Picture the scene: it’s half-time, City are up 3-0 to Sunderland, and we’re sitting pretty.
It wasn’t difficult to believe that we were back, and that the lapse of form in recent weeks was because of a busy festive period, or injuries, or new players needing time to adjust. Hell, you could blame it on the players’ realising they’d been wearing the wrong studs for all I cared. It didn’t matter – we were back.
And you couldn’t blame me for getting ahead of myself. After watching 45 minutes of Bristol City demolish the just-demoted Black Cats, I’d completely forgotten what a tricky period we’d been going through recently. Unrecognisable were the team who’d just lost away to Bolton. Unrecognisable were the team who’d not long ago been smashed 5-0 by likely promotion candidates Aston Villa. Unrecognisable were the team of last season who would regularly bottle leads against the likes of Sheffield Wednesday, Reading and Derby.
When that first goal went in against us in the 80th minute, I wasn’t going to start panicking. It was unlucky, and you couldn’t hold it against Brownhill. He was in the wrong place at the wrong time. Why on earth Paterson allowed that cross to happen was beyond me, though, as he did the same thing at the Ethiad for Aguero’s late winner.

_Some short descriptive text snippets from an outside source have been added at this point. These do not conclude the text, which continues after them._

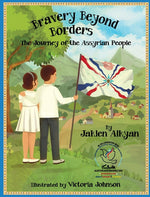 Book cover for Bravery Beyond Borders: The Journey of the Assyrian People
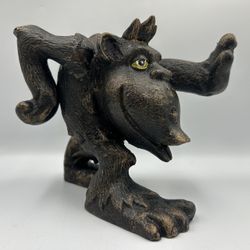 Gordie Gorilla 6" Bookend, Doorstop, Cast Iron Figurine by Design Toscano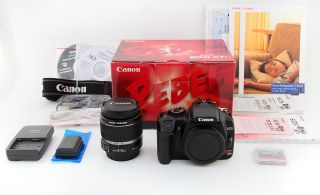 CANON Rebel XTi (400D) 10.1MP Digital SLR Camera Kit +18 55mm IS Zoom 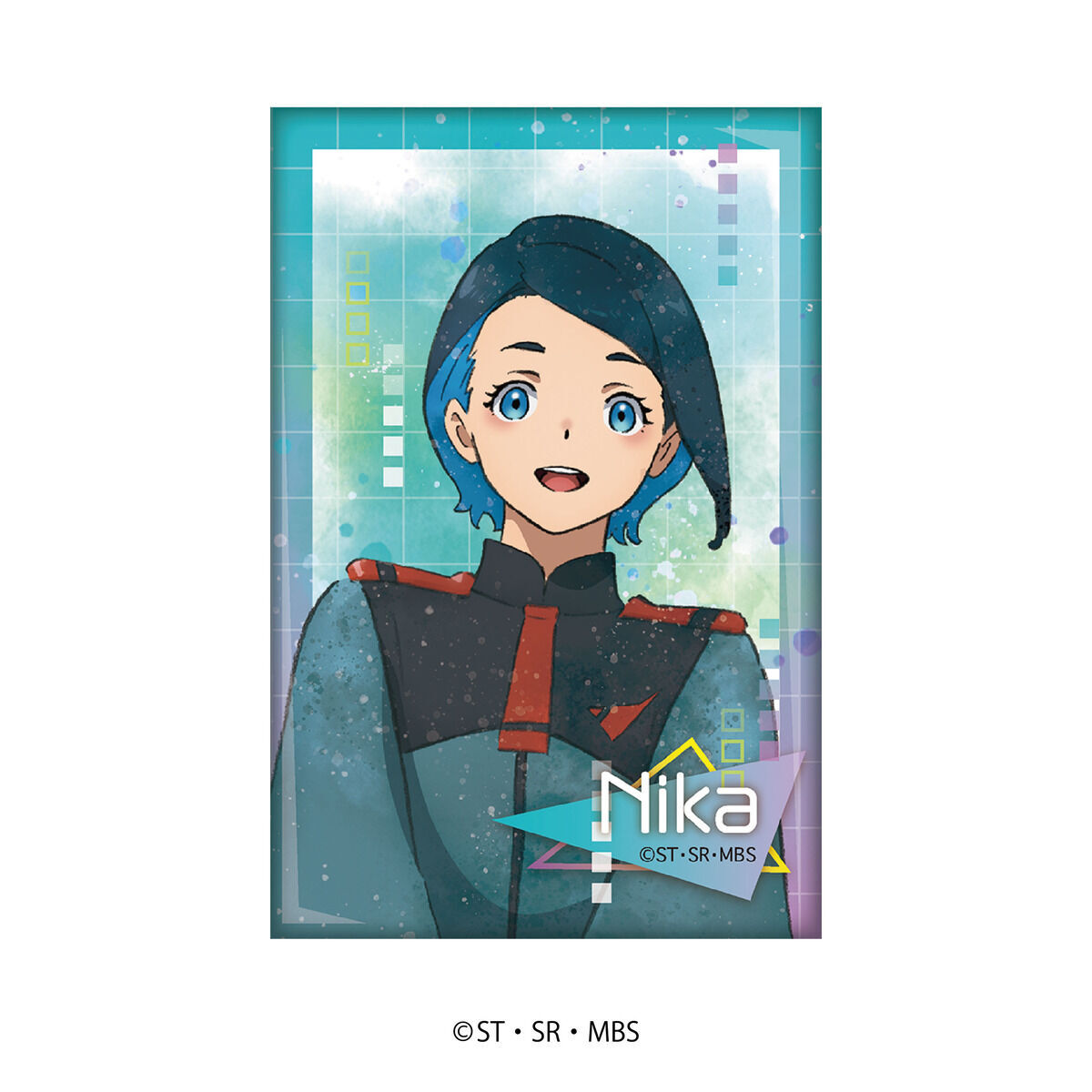 機動戦士ガンダム水星の魔女 ウェットカラーシリーズ 缶マグネットBOX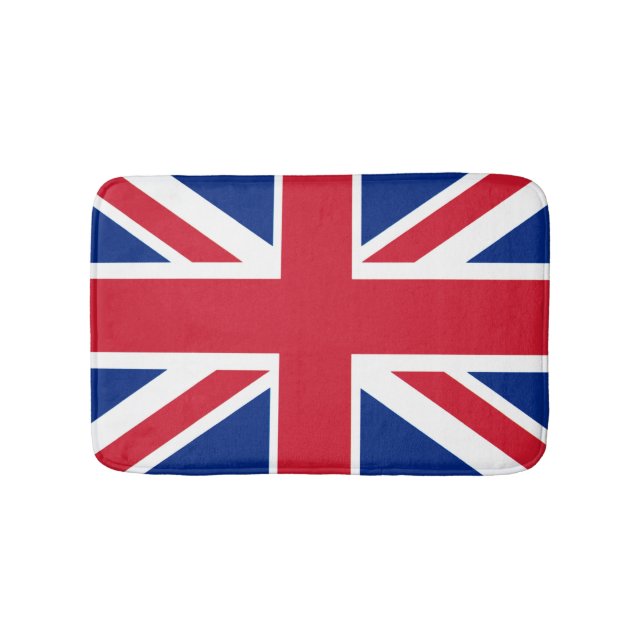 Tapete De Banheiro Union Jack Flag da Grã-Bretanha Excelente (frente)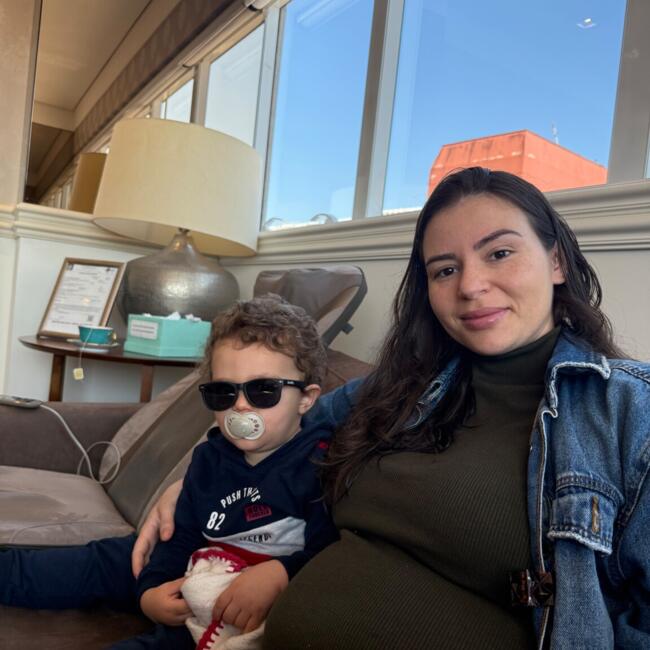 Babysitting job in Florianópolis: Jaqueline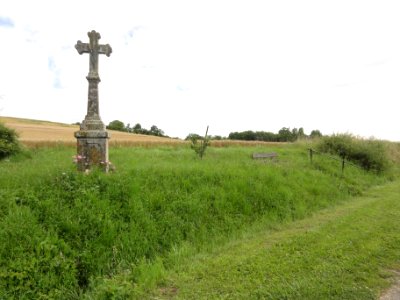 Domjevin (M-et-M) croix de chemin
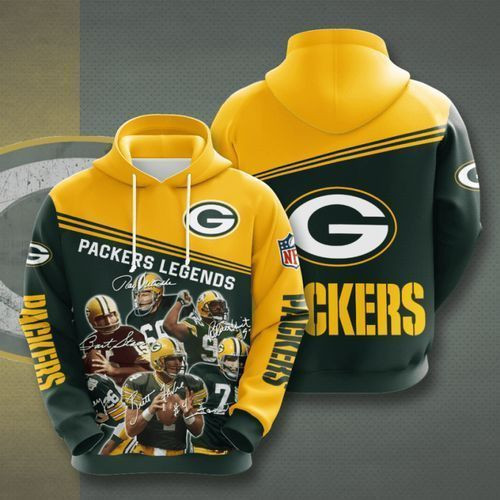 Amazon Sports Team Nfl Green Bay Packers No804 Hoodie 3D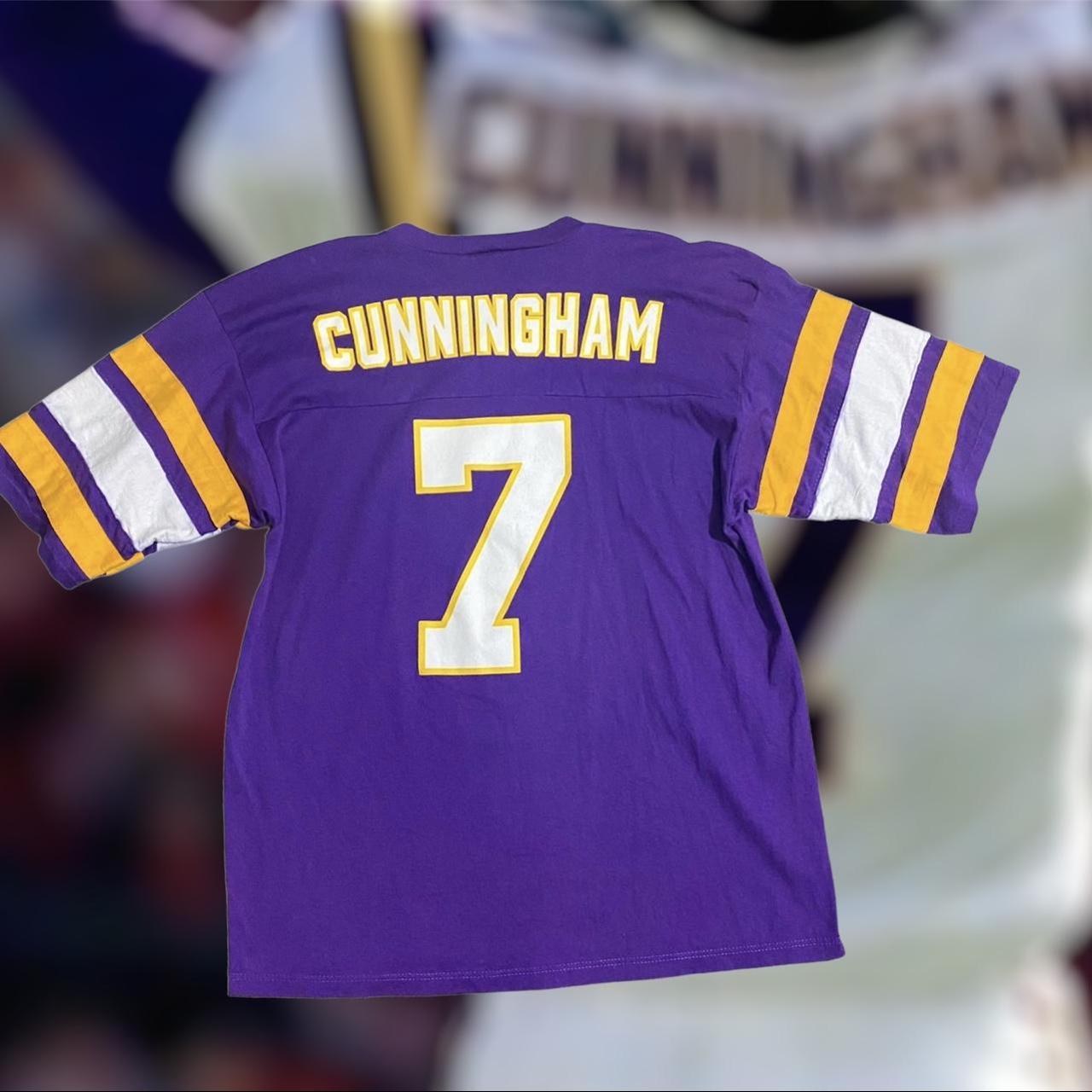 RANDALL CUNNINGHAM MINNESOTA VIKINGS VINTAGE 1990'S NFL T-SHIRT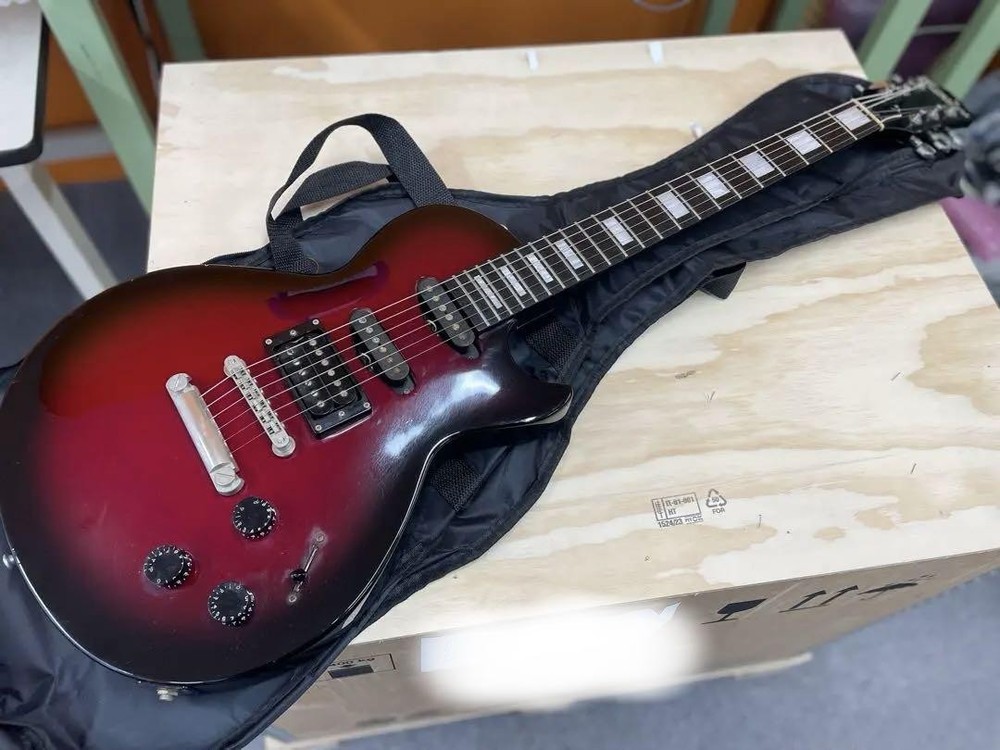 Edwards E-I-85LP Inoran Signature Guitar Secure Gig Bag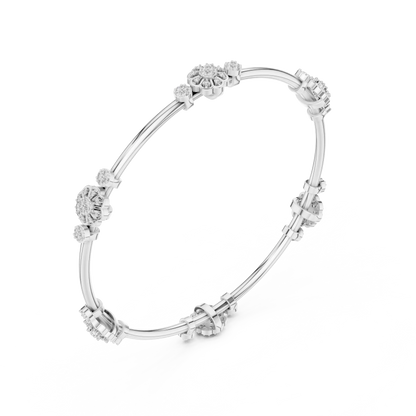 Marigold Rondelle Diamond Bracelet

But we were still two goals ahead, and we had to score for them. If we made some subs and got back into the game a bit, we would easily hold for 20 minutes. No problem.
That was 20 long, long minutes. Made even longer by Johnson’s bizarre refusal to bring on any subs until added-time. All we needed was another midfielder. A single midfielder! Didn’t we just spend about £1m on one from Everton?
It was also at this point that I was starting to realise how lost Diony and Diedhoiu are in this game. Aside from Diedhoiu’s disallowed goal for hand ball, he’d been largely invisible most of the second-half, and his touch was going a bit wild. Diony’s touch, on the other hand, was spot on. So why was Diedhiou coming short to make chances for Diony to run onto? Not a clue.
Less than a minute later, the old fear was starting to kick back in. Here we go again – going to sleep again; going to bottle it again. Brownhill was just letting McGeady run away from him, while Diedhiou was slow to respond. And why wasn’t there a wall?
But it was important to stay positive, with less than ten minutes to go. We aren’t the team that bottles these sorts of leads anymore: that’s old Bristol City. This is new Bristol City. This is four-Prem-beatings-on-the-bounce, sixth-team-in-the-Championship, Man-Utd-humiliating Bristol City.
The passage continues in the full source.